Leonardo, velho amigo Léo, antigo parceiro de sinuca e de paquera, únicos jogos que nos levavam a campo, surge como fantasma perdido, com ar de assombro, saindo de uma agência da Caixa, na Torre. Ele me viu primeiro e gritou por trás dos óculos, reconhecendo-me.
Ah quanto tempo, hem Léo!
Vínhamos da noite, descíamos do bonde na esquina da Juarez Távora com a Maroquinha Ramos, onde, uma casa depois da outra, nos recolhíamos. Aí Léo ganhou o Sul, se fez por lá, e depois de uns cinquenta anos, isto, meio século, acha de cruzar com meus passos numa rua que, sem sair do lugar, não é mais a Adolfo Cyrne, ponto da marinete do velho Orlando, pai de sua namorada.
Foi mais fácil reconhecer você do que reconhecer a Torre. Tem nada a ver com a que levei comigo.
Está de bengala, mas firme, o aperto de mão ainda forte, de punhos cheios, a bengala me parecendo mais um hábito do que uma escora.

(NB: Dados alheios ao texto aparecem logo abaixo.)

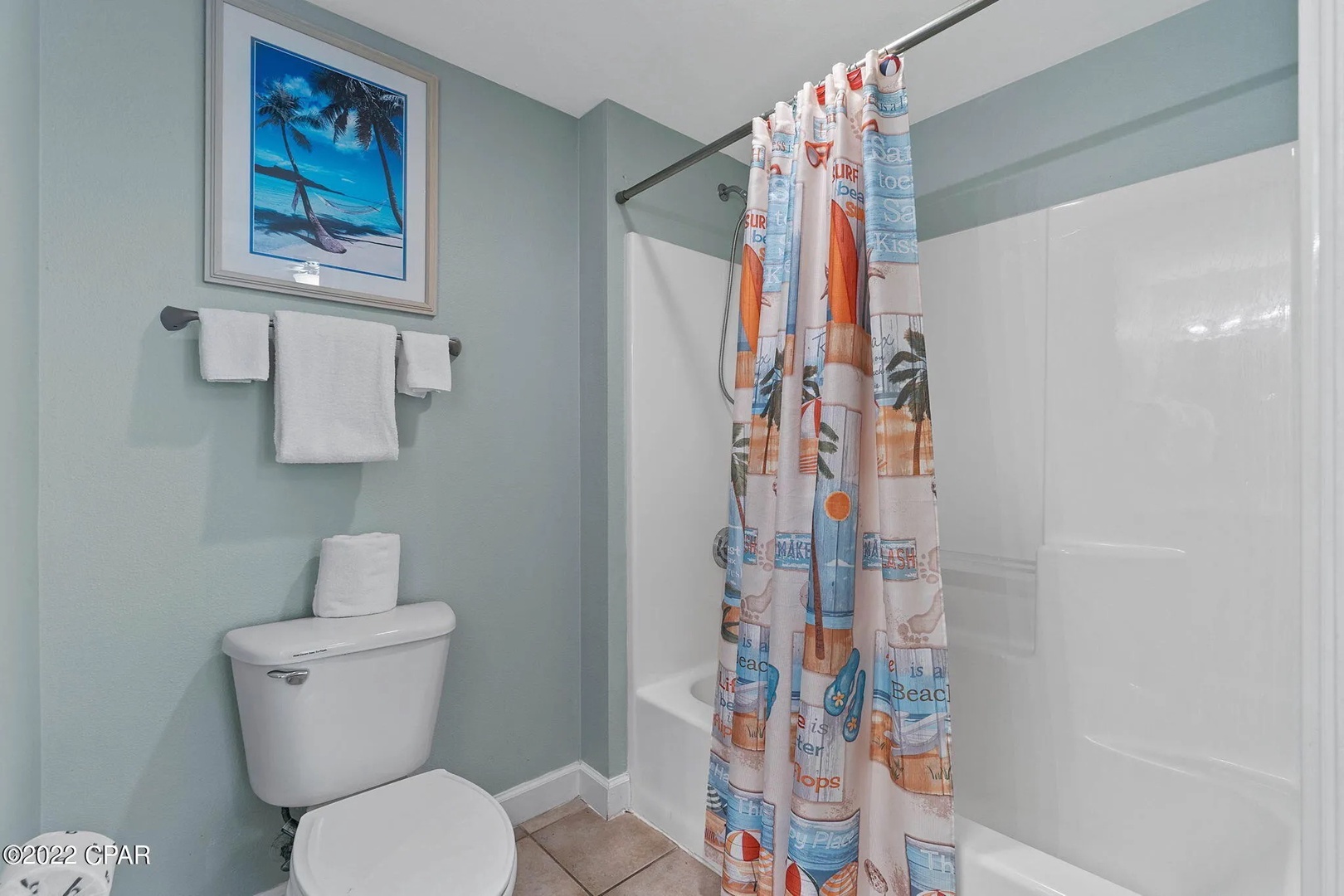 Primary bathroom with shower and tub combo.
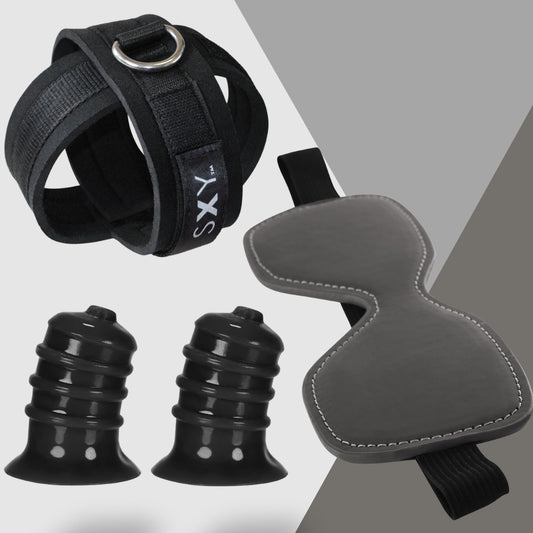 The Roleplay Realness set from Adams Toy Box features a black wrist restraint with a metal ring, a textured blindfold, and two silicone suction cup toys, all arranged artfully on a light and dark gray background for discreet fun.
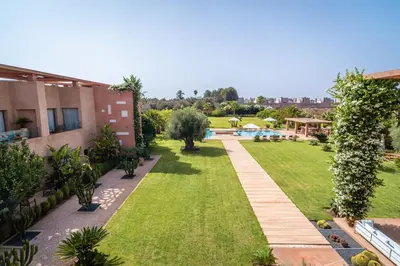 an image of a garden with a swimming pool at Maison Kenoosha Boutique Hotel & Spa in Marrakech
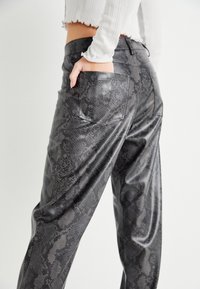 Schwarze Kunstlederhosen mit Schlangenhautmuster, ausgestattet mit Gesäßtaschen und einem lässigen Schnitt. Die Textur wirkt glatt und glänzend.
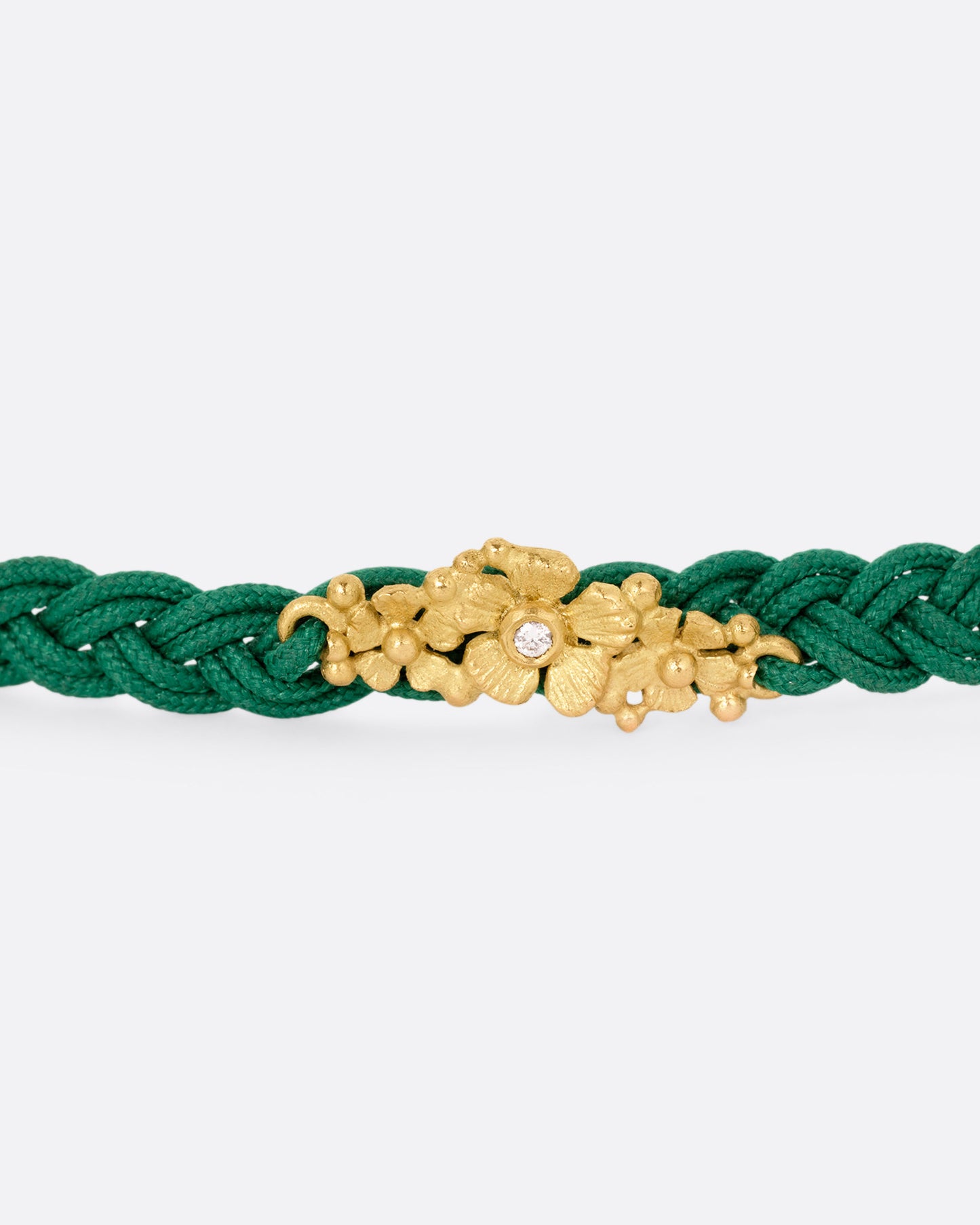 A close up of a braided green cord bracelet with a yellow gold cluster of diamond accented flowers and a Tahitian pearl toggle closure. 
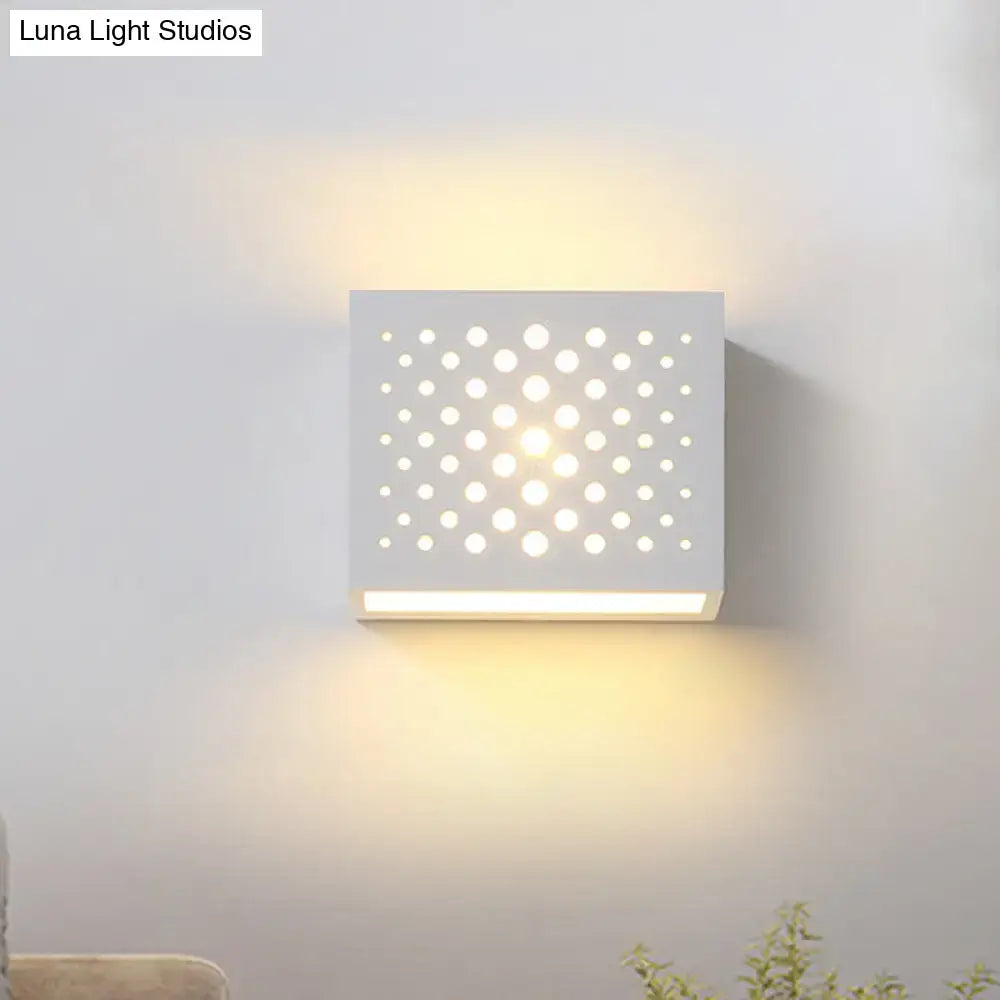 Modern white laser cut cube gypsum wall light with circular cutouts and warm diffused glow for bedroom use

Pediu notícias de Sales, era como chamávamos Pontes da Silva, o bibliófilo, artista gráfico, professor, editor e livreiro que a Paraíba conheceu, filho de um marceneiro que fabricava violinos, oficina e morada na nossa rua.
E compreendi aquele ar de espanto de Léo, apurando as vistas na avenida igual a todas as grandes vias movimentadas do mundo. Pisando incerto como se lhe faltasse terra nos pés. Expulsaram a Torre do seu habitat. A Torre da minha primeira crônica não cabia de mangueiras, jaqueiras, trapiás, ariticuns, fruta-pães, o pomar que eu tinha deixado nas terras da infância.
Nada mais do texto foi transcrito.